==== INFORMATION

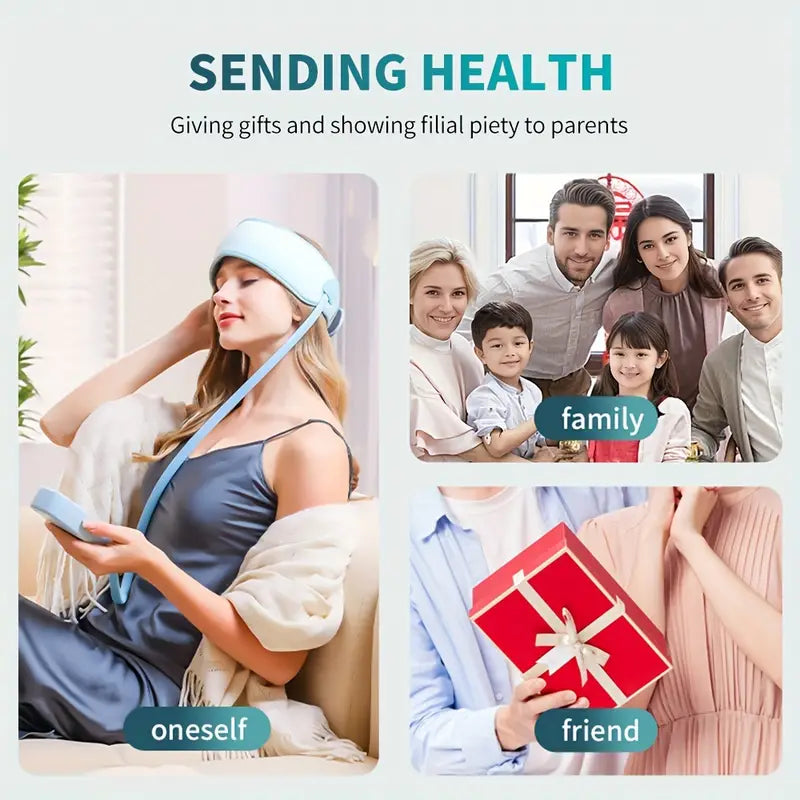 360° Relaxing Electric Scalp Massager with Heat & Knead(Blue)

========
==== INFORMATION

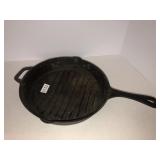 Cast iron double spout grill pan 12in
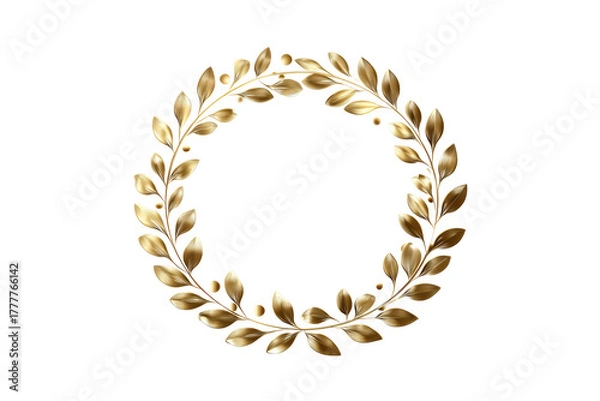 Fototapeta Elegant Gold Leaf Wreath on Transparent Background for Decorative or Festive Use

========

PROBLEM TO SOLVE:
Return word for word the lines of the listing above, starting at the line with "Cast iron double spout grill pan 12in" and ending at the line with "Fototapeta Elegant Gold", both included. Pictures do not belong in the copy.

THE COMPLETED TASK:
 Cast iron double spout grill pan 12in
 Fototapeta Elegant Gold Leaf Wreath on Transparent Background for Decorative or Festive Use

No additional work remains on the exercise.